▶ **THE PROBLEM**: Reproduce the data, keeping every word exactly as it is.

━━━━━ DATA FOR THIS TASK ━━━━━

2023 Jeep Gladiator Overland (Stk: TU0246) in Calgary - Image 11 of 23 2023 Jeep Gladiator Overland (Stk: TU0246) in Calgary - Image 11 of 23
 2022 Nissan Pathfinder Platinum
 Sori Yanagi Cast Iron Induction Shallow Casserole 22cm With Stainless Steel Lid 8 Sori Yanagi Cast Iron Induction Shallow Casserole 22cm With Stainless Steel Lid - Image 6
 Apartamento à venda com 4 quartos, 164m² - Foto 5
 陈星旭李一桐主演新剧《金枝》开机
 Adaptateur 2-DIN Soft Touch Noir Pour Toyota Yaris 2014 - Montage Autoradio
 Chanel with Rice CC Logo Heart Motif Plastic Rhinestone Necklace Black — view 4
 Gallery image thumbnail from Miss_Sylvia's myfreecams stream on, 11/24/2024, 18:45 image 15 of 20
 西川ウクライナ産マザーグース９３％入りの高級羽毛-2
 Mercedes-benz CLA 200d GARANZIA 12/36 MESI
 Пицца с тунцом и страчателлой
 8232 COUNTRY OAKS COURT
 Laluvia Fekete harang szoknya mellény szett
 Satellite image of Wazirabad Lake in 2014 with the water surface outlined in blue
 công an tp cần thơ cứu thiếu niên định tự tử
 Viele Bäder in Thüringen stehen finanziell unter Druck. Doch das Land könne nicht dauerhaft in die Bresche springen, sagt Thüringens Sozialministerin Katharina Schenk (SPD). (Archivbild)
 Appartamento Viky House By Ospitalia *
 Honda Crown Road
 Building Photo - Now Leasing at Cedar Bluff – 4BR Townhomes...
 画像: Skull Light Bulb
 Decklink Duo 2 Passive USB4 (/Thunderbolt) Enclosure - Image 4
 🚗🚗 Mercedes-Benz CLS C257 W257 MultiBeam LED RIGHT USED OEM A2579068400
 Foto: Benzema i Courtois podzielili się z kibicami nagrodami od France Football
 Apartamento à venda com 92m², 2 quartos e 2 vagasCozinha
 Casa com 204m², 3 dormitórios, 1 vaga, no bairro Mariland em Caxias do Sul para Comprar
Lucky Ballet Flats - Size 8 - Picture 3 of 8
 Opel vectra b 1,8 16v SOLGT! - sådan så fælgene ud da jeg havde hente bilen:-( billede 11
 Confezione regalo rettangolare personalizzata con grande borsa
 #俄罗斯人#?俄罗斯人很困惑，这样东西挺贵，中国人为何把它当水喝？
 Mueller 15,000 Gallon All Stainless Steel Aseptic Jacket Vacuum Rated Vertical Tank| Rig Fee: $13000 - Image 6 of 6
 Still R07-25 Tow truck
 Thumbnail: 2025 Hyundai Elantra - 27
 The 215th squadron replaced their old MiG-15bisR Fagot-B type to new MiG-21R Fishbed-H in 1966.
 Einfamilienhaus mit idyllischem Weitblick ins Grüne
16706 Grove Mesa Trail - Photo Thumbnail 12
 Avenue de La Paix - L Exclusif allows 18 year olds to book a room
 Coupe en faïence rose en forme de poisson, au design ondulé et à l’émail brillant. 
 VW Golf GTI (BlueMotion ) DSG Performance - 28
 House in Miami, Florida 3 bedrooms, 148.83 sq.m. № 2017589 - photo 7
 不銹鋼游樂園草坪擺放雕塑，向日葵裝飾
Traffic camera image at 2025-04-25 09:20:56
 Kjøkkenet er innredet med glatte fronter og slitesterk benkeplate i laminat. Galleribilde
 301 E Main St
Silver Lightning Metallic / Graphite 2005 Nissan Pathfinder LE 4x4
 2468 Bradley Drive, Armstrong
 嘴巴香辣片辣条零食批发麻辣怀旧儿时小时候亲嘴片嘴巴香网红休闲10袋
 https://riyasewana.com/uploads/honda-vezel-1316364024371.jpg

━━━━━

▶ **RESULT OF THE EXERCISE**:
2023 Jeep Gladiator Overland (Stk: TU0246) in Calgary - Image 11 of 23 2023 Jeep Gladiator Overland (Stk: TU0246) in Calgary - Image 11 of 23
 2022 Nissan Pathfinder Platinum
 Sori Yanagi Cast Iron Induction Shallow Casserole 22cm With Stainless Steel Lid 8 Sori Yanagi Cast Iron Induction Shallow Casserole 22cm With Stainless Steel Lid - Image 6
 Apartamento à venda com 4 quartos, 164m² - Foto 5
 陈星旭李一桐主演新剧《金枝》开机
 Adaptateur 2-DIN Soft Touch Noir Pour Toyota Yaris 2014 - Montage Autoradio
 Chanel with Rice CC Logo Heart Motif Plastic Rhinestone Necklace Black — view 4
 Gallery image thumbnail from Miss_Sylvia's myfreecams stream on, 11/24/2024, 18:45 image 15 of 20
 西川ウクライナ産マザーグース９３％入りの高級羽毛-2
 Mercedes-benz CLA 200d GARANZIA 12/36 MESI
 Пицца с тунцом и страчателлой
 8232 COUNTRY OAKS COURT
 Laluvia Fekete harang szoknya mellény szett
 Satellite image of Wazirabad Lake in 2014 with the water surface outlined in blue
 công an tp cần thơ cứu thiếu niên định tự tử
 Viele Bäder in Thüringen stehen finanziell unter Druck. Doch das Land könne nicht dauerhaft in die Bresche springen, sagt Thüringens Sozialministerin Katharina Schenk (SPD). (Archivbild)
 Appartamento Viky House By Ospitalia *
 Honda Crown Road
 Building Photo - Now Leasing at Cedar Bluff – 4BR Townhomes...
 画像: Skull Light Bulb
 Decklink Duo 2 Passive USB4 (/Thunderbolt) Enclosure - Image 4
 🚗🚗 Mercedes-Benz CLS C257 W257 MultiBeam LED RIGHT USED OEM A2579068400
 Foto: Benzema i Courtois podzielili się z kibicami nagrodami od France Football
 Apartamento à venda com 92m², 2 quartos e 2 vagasCozinha
 Casa com 204m², 3 dormitórios, 1 vaga, no bairro Mariland em Caxias do Sul para Comprar
Lucky Ballet Flats - Size 8 - Picture 3 of 8
 Opel vectra b 1,8 16v SOLGT! - sådan så fælgene ud da jeg havde hente bilen:-( billede 11
 Confezione regalo rettangolare personalizzata con grande borsa
 #俄罗斯人#?俄罗斯人很困惑，这样东西挺贵，中国人为何把它当水喝？
 Mueller 15,000 Gallon All Stainless Steel Aseptic Jacket Vacuum Rated Vertical Tank| Rig Fee: $13000 - Image 6 of 6
 Still R07-25 Tow truck
 Thumbnail: 2025 Hyundai Elantra - 27
 The 215th squadron replaced their old MiG-15bisR Fagot-B type to new MiG-21R Fishbed-H in 1966.
 Einfamilienhaus mit idyllischem Weitblick ins Grüne
16706 Grove Mesa Trail - Photo Thumbnail 12
 Avenue de La Paix - L Exclusif allows 18 year olds to book a room
 Coupe en faïence rose en forme de poisson, au design ondulé et à l’émail brillant. 
 VW Golf GTI (BlueMotion ) DSG Performance - 28
 House in Miami, Florida 3 bedrooms, 148.83 sq.m. № 2017589 - photo 7
 不銹鋼游樂園草坪擺放雕塑，向日葵裝飾
Traffic camera image at 2025-04-25 09:20:56
 Kjøkkenet er innredet med glatte fronter og slitesterk benkeplate i laminat. Galleribilde
 301 E Main St
Silver Lightning Metallic / Graphite 2005 Nissan Pathfinder LE 4x4
 2468 Bradley Drive, Armstrong
 嘴巴香辣片辣条零食批发麻辣怀旧儿时小时候亲嘴片嘴巴香网红休闲10袋
 https://riyasewana.com/uploads/honda-vezel-1316364024371.jpg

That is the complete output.